▶ _YOUR TASK_
Your task is to retype, exactly and without pictures, the line holding "HOMCOM Comodă cu" and each line that follows it to the end of the entries.
==== DATA TO PROCESS
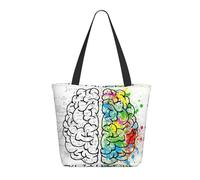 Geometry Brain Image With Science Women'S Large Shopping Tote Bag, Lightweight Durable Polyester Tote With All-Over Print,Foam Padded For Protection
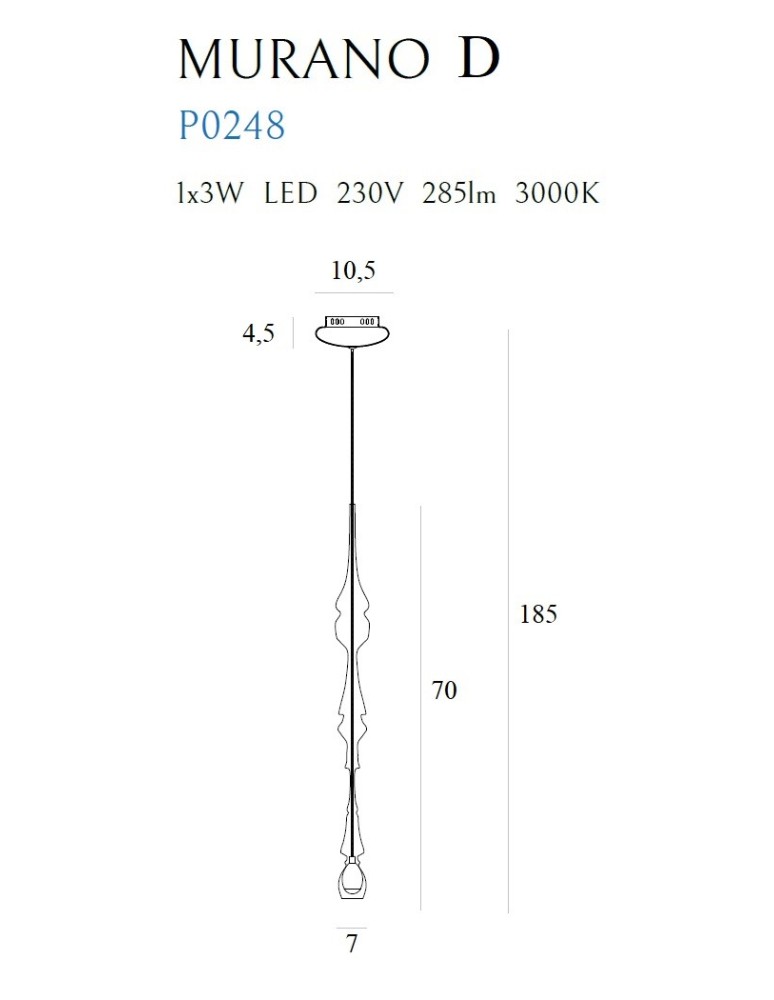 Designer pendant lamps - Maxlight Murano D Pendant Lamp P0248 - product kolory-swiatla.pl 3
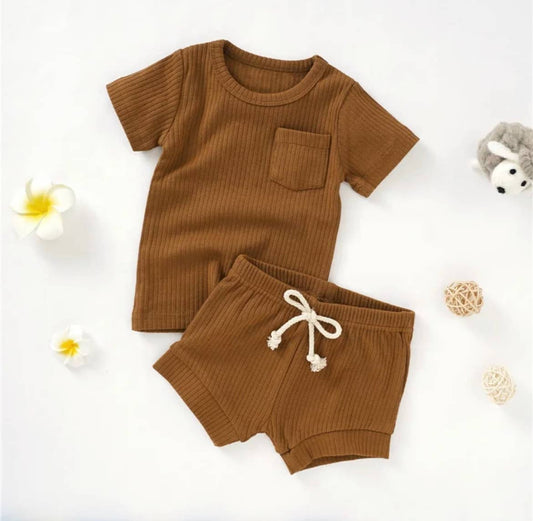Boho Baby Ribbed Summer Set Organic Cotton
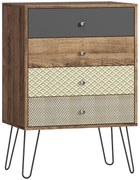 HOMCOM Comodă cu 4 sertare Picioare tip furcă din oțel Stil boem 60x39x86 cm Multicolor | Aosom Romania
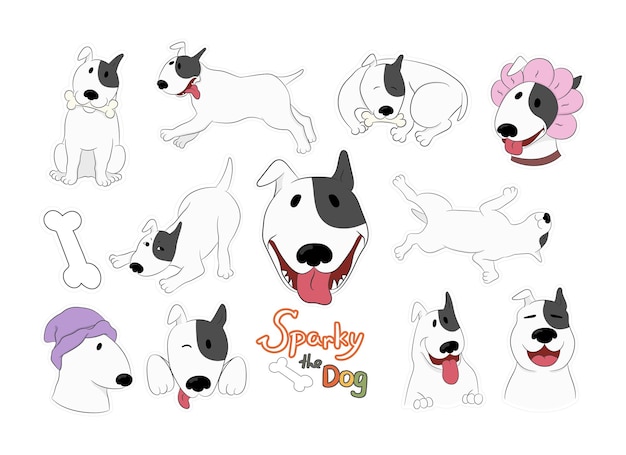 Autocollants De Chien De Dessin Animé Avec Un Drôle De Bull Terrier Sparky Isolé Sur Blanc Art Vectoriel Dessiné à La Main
========
▶ _SOLUTION TO THIS EXERCISE_
 HOMCOM Comodă cu 4 sertare Picioare tip furcă din oțel Stil boem 60x39x86 cm Multicolor | Aosom Romania
 Autocollants De Chien De Dessin Animé Avec Un Drôle De Bull Terrier Sparky Isolé Sur Blanc Art Vectoriel Dessiné à La Main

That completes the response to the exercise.